Al-Kaabi said much depended on the value the partners could bring, including in offering Qatar Petroleum the potential to take an interest in assets elsewhere.

"It could be something that we want to do outside Qatar -- it could be swaps, some support in the market, an offtake [arrangement]. It could be a lot of things."

MARKET EVOLUTION

Asked about Qatar's view of the evolution of the LNG market -- given that the four new trains are due online at a time that other new projects could also be starting up -- al-Kaabi said the state of the market was not his concern.

"We are focused on what we do. We don't compete with anyone. I don't pay attention to that," he said. "My focus is how we can be the lowest-cost producer. We are price takers," he said, adding that if gas prices stayed low, and other producers went out of business, then Qatar "will always have a market."

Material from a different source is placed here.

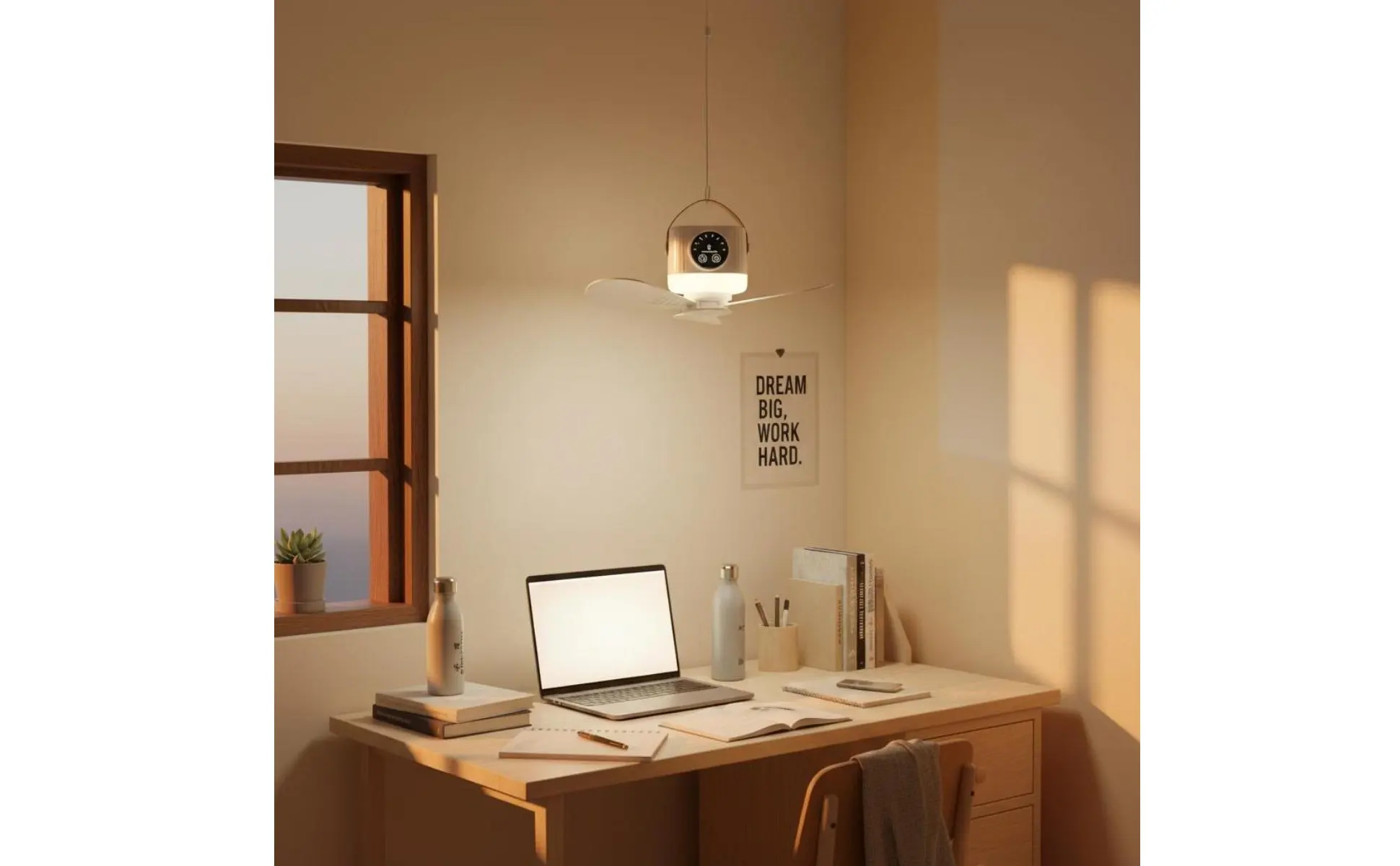Mini Ceiling Fan with Light Adjustable Speed Rechargeable Hanging Fan Air Mover 4 Speeds Timer Function for Bedside, Dorm Room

The only price risk, al-Kaabi said, was the oil price, given that much of Qatar's LNG is sold at oil-indexed prices. "The oil price is up and down -- we've seen many cycles," he said, adding that Qatar still always preferred a crude oil link in its LNG sales.

Al-Kaabi also said there was little likelihood of new gas-to-liquids projects being developed in the future. Qatar is home to the major Pearl gas-to-liquids plant, but al-Kaabi said higher oil prices were needed to make new projects economically viable.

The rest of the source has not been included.